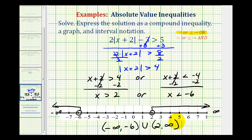So now we have the solution expressed as a compound inequality, as a graph, and using interval notation.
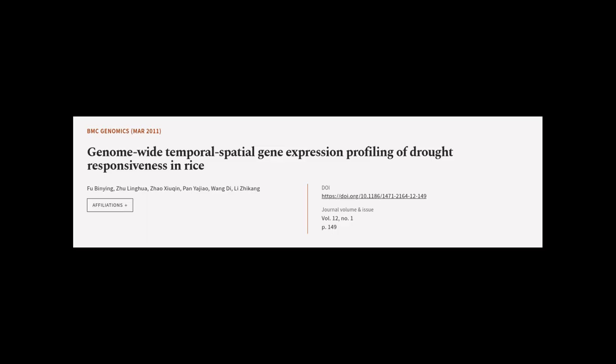This article was authored by Fu Bai Nying, Zhu Linghua, Zhao Xieqin, and others.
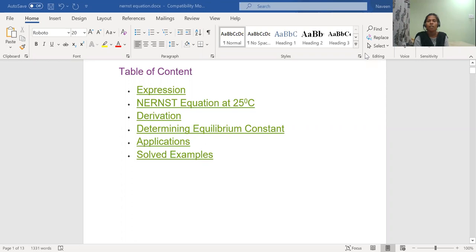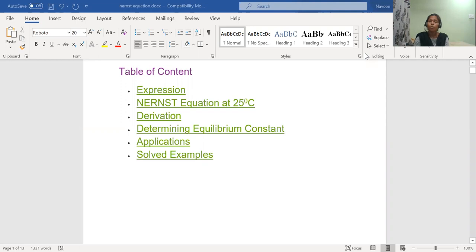Good afternoon, students. In the previous session, we have seen two reference electrodes. The remaining two reference electrodes were the quinhydron electrode and the glass electrode. In all the reference electrodes, we have used one equation - the Nernst equation, which is very important in the external examination. So today I'm going to explain the Nernst equation.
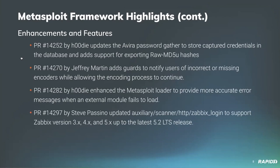Community contributor Hoodie enhanced the Metasploit loader to provide more accurate error messages when an external module fails to load. We're having a growing number of external modules implemented in Python and other languages, and this enhancement helps users identify reasons why those might be failing. Community contributor Steve Pacino updates the auxiliary/scanner/http/zabbix_login to support Zabbix version 3.x, 4.x, and 5.x up to the latest 5.2 LTS release.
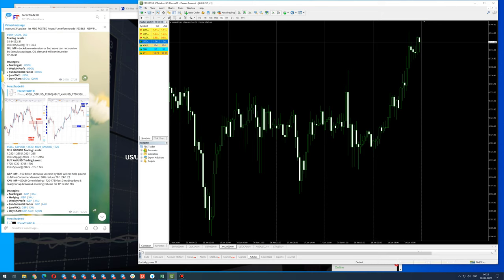XAU/USD — you can check — on the 15th it traded at 1705, going from 1705 to 1745. The whole week it made a tremendous gain, a huge gain on XAU/USD.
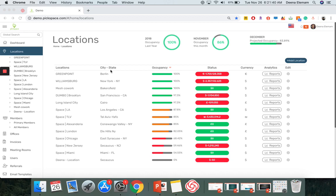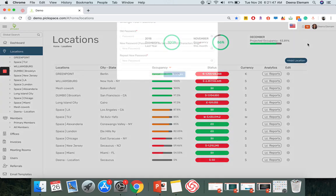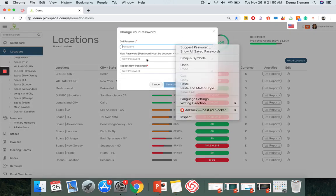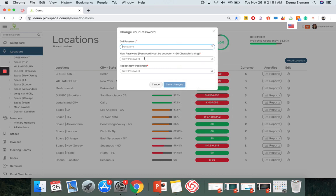To begin, go on the top right corner over here, click on your name, click on change password, type in your old password, your new password, and repeat your new password. Once done, save changes. And that's how you change your password.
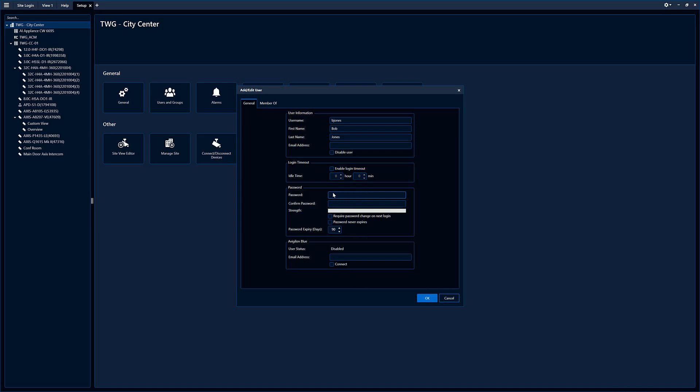You then have to create a password. This password must meet the minimum password requirements in the system.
..............................
Give again exactly the lines from the one holding "This article was" to the final line of the records, both ends included; any pictures stay out.

Answer to this problem |
This article was authored by Fu Bai Nying, Zhu Linghua, Zhao Xieqin, and others.
Good afternoon, students. In the previous session, we have seen two reference electrodes. The remaining two reference electrodes were the quinhydron electrode and the glass electrode. In all the reference electrodes, we have used one equation - the Nernst equation, which is very important in the external examination. So today I'm going to explain the Nernst equation.
Community contributor Hoodie enhanced the Metasploit loader to provide more accurate error messages when an external module fails to load. We're having a growing number of external modules implemented in Python and other languages, and this enhancement helps users identify reasons why those might be failing. Community contributor Steve Pacino updates the auxiliary/scanner/http/zabbix_login to support Zabbix version 3.x, 4.x, and 5.x up to the latest 5.2 LTS release.
XAU/USD — you can check — on the 15th it traded at 1705, going from 1705 to 1745. The whole week it made a tremendous gain, a huge gain on XAU/USD.
To begin, go on the top right corner over here, click on your name, click on change password, type in your old password, your new password, and repeat your new password. Once done, save changes. And that's how you change your password.
You then have to create a password. This password must meet the minimum password requirements in the system.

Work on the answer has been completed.